BEIRUT (AP) — It took just minutes for Lebanon's powerful Hezbollah chief to appear on TV to silence protests after Syrian rebels grabbed 11 Lebanese Shiites in May. Tehran's leadership also went into rapid-reaction mode when gunmen seized 48 Iranians last week, but with a very different objective: to make the abduction an international affair.
The contrasting approaches highlight how Syria's civil war is impacting the political calculations of Bashar Assad's main Middle East backers — and hint at possible separate endgame strategies by Tehran and its proxy Hezbollah if the Syrian regime heads into free fall.
Iran appears intent on strengthening its role as Assad's big brother with outreach that included a visit to Damascus on Tuesday by one of the ruling clerics' top envoys, who tried to frame the conflict as part of Iran's wider showdown with the West.
Hezbollah is no less supportive of Assad — even praising Syria as the main arms pipeline during the 2006 war with Israel — but must take a far more nuanced position that likely includes weighing options in case the Arab Spring claims another leader.
"When it comes to living in a post-Assad world, Hezbollah has a lot more to be concerned about," said Meir Javedanfar, a regional affairs analyst based in Israel.
That's because Shiite Hezbollah sits among a patchwork of factions and fissures that range from those holding out hope for Assad's survival to others playing host to rebel fighters trying to bring him down. Hezbollah occupies a complex space as both an Assad ally and a partner in the Lebanese government, which is desperate to avoid further spillover clashes like the gun battles in the northern city of Tripoli in May that killed at least eight people.
Moments after Syrian rebels announced they had snatched the 11 Lebanese Shiites — accused by some rebels of including Hezbollah operatives — protesters and militiamen stormed into the streets. Hezbollah's leader, Sheik Hassan Nasrallah, immediately went on his private TV network with what amounted to a decree for calm. "We don't want to create conflict," he said, repeating the group's claim that the captives were simply religious pilgrims returning from Iran.
Nasrallah has even omitted mention of the Lebanese captives in his recent speeches, suggesting the group remains wary of being blamed for dragging Lebanon into another crisis and risking further blows to its reputation in the Arab world for standing by Assad. Instead, Hezbollah has uncharacteristically deferred to the Lebanese government to lead appeals for the captives' release.
On Wednesday, Lebanese TV stations broadcast video of the captives being visited by family members under a deal arranged by the rebels. They appeared to be in good health and held in clean surroundings, with amenities such as refrigerators. Some claimed to be sympathetic to the rebels, but it was impossible to determine if the remarks were genuine or scripted. "Captives?" one of them said. "No, we are guests."
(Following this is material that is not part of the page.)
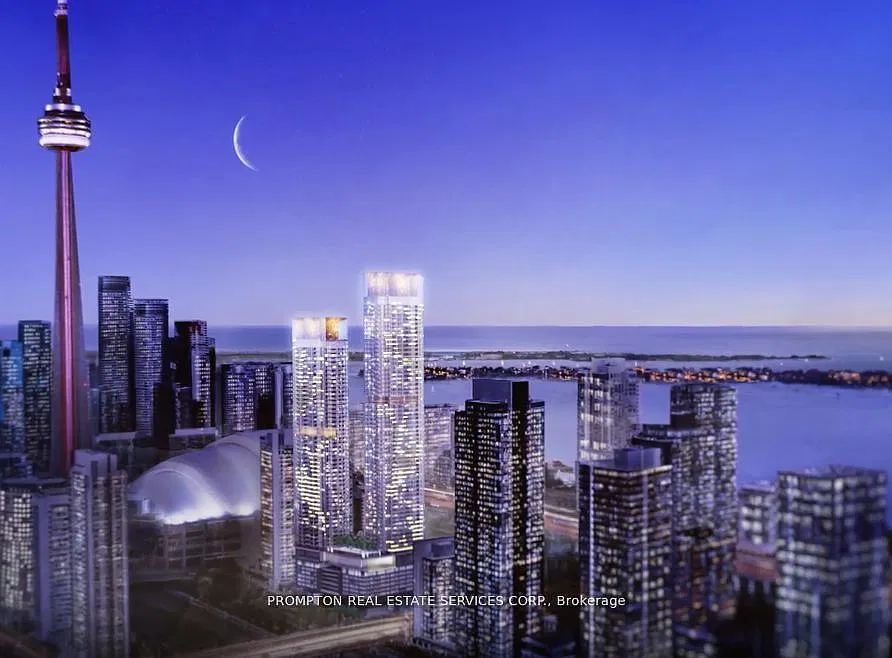 1 bed, $2,500 — Photo 1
Ammar al-Dadikhli, a rebel spokesman, told state TV they want the Lebanese government to support the Syrian uprising. The abduction was "a message to Lebanese politicians to take a stand against the (Syrian) regime ... and for the Syrian revolution."
"Hezbollah has got to weigh contingencies and how it could make the transition to a region without Assad," said David Schenker, a Syrian affairs analyst at the Washington Institute for Near East Policy.